═════ Data to process ═════
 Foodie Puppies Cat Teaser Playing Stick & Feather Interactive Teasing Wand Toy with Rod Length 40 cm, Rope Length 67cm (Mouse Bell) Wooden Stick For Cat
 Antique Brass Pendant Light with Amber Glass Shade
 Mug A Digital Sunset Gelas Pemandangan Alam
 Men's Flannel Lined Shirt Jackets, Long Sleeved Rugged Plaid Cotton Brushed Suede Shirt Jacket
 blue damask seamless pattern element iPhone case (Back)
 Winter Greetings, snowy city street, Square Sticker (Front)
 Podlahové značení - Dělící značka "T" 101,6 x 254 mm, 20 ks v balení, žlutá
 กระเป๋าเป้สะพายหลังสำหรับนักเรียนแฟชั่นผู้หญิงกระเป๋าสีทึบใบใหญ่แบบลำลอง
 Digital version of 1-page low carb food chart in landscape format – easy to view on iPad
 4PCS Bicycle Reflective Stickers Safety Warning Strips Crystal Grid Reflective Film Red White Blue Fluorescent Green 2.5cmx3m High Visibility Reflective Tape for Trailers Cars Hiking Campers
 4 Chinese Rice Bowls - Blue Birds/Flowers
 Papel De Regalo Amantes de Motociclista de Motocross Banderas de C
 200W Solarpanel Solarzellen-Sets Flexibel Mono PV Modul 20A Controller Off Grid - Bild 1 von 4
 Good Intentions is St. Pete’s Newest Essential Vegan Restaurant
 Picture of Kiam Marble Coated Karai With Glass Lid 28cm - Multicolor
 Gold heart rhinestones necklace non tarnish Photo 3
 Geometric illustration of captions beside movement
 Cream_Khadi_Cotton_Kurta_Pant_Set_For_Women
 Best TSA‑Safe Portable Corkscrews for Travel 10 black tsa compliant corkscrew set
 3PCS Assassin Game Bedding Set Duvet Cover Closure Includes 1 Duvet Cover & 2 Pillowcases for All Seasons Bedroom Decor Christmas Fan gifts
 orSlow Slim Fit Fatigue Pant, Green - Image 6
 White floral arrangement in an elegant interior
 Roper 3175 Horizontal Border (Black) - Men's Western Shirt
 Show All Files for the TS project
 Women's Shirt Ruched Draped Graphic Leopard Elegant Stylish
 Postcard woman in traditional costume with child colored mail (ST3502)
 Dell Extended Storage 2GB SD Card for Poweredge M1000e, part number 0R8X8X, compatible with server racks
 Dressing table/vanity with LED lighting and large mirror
═════
What you are asked to do:
In the records above, locate each line with the word "White". Copy all such lines.

Result:
 4PCS Bicycle Reflective Stickers Safety Warning Strips Crystal Grid Reflective Film Red White Blue Fluorescent Green 2.5cmx3m High Visibility Reflective Tape for Trailers Cars Hiking Campers
 White floral arrangement in an elegant interior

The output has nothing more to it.